Work item:
The answer must consist solely of the lines below starting at the one containing "Travel Backpack Large" and ending at the one containing "Futuristic digital landscape", repeated exactly, with both ends included and all pictures omitted.
Material for this exercise Block Start
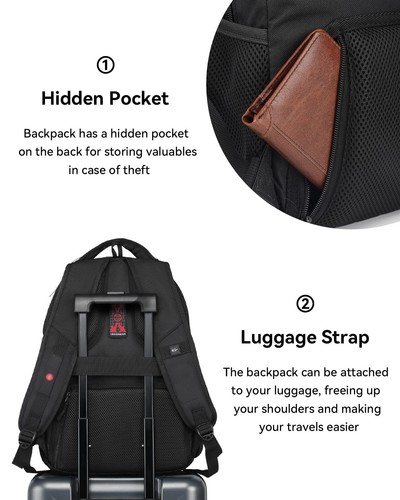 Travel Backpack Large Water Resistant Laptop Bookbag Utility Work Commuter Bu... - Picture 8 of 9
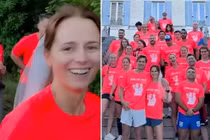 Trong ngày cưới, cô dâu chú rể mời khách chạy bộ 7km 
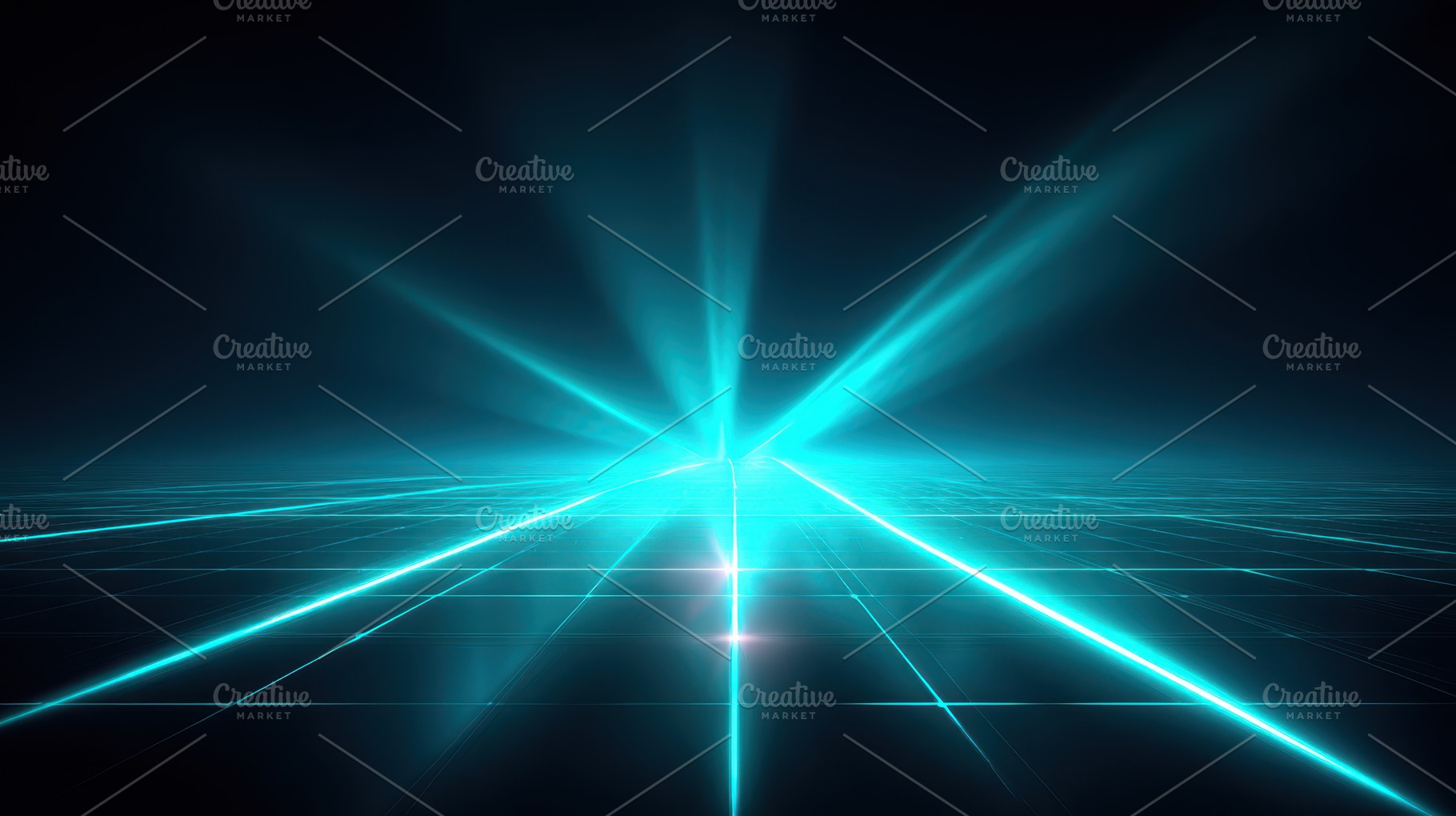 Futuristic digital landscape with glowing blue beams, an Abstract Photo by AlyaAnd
Material for this exercise Block End
Material for this exercise Block Start
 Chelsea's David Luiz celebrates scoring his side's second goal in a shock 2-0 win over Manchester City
Material for this exercise Block End
Result for this exercise:
 Travel Backpack Large Water Resistant Laptop Bookbag Utility Work Commuter Bu... - Picture 8 of 9
 Trong ngày cưới, cô dâu chú rể mời khách chạy bộ 7km 
 Futuristic digital landscape with glowing blue beams, an Abstract Photo by AlyaAnd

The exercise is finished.